Она стеснялась, краснела, но он подхватил её на руки и занёс через порог. Пар был густой, молочный, пахло свежим деревом и его кожей — здоровой, молодой, пахнущей солнцем и лесом.
Он мыл её спину большими, нежными ладонями, смеялся, когда она взвизгивала от горячей воды, а потом обнял и прошептал в мокрые волосы слова, от которых у неё подкашивались ноги и мир сужался до размеров этой душной, тёмной, райской избушки.
Они были счастливы. Она была любима. Это было правдой. Тогда.
Степан вышел из бани другим человеком.
Вернее, оболочкой человека. Кожа, пропаренная до красноты, казалась новой, уязвимой.
Волосы, тёмные от воды, были зачёсаны назад, открывая высокий, прежде всегда нахмуренный лоб.
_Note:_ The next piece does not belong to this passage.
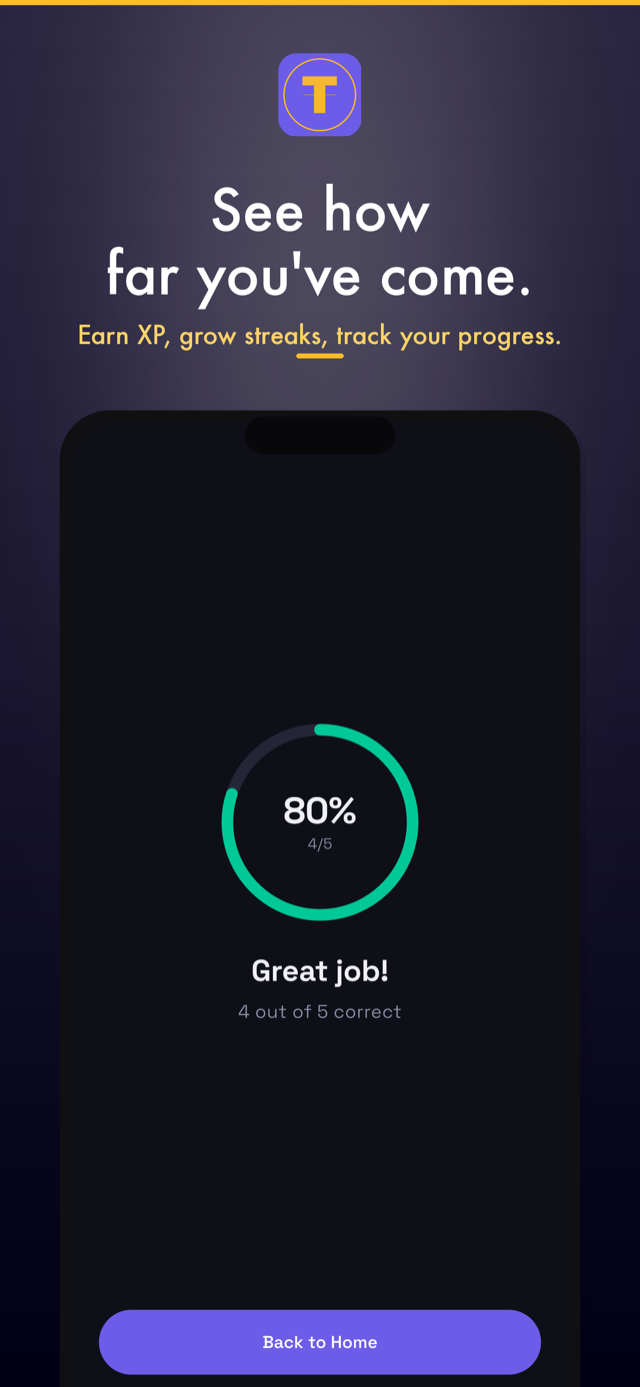 Trivia Rush Today screenshot 3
В чистый, хоть и бедный, наряд он был одет аккуратно, с какой-то почти военной точностью.
Он пах теперь не горем и сыростью, а берёзовым дёгтем и простым хозяйственным мылом.
Но глаза… глаза остались прежними. Глубоко запавшие, с синими тенями под ними, полные такой тихой, бездонной муки, что на них было страшно смотреть.
Ксения, выйдя на крыльцо, встретилась с этим взглядом. И что-то дрогнуло в её каменном, отгороженном сердце.
Не прощение. Не возвращение чувства. Жалость. Страшная, разъедающая, опасная жалость.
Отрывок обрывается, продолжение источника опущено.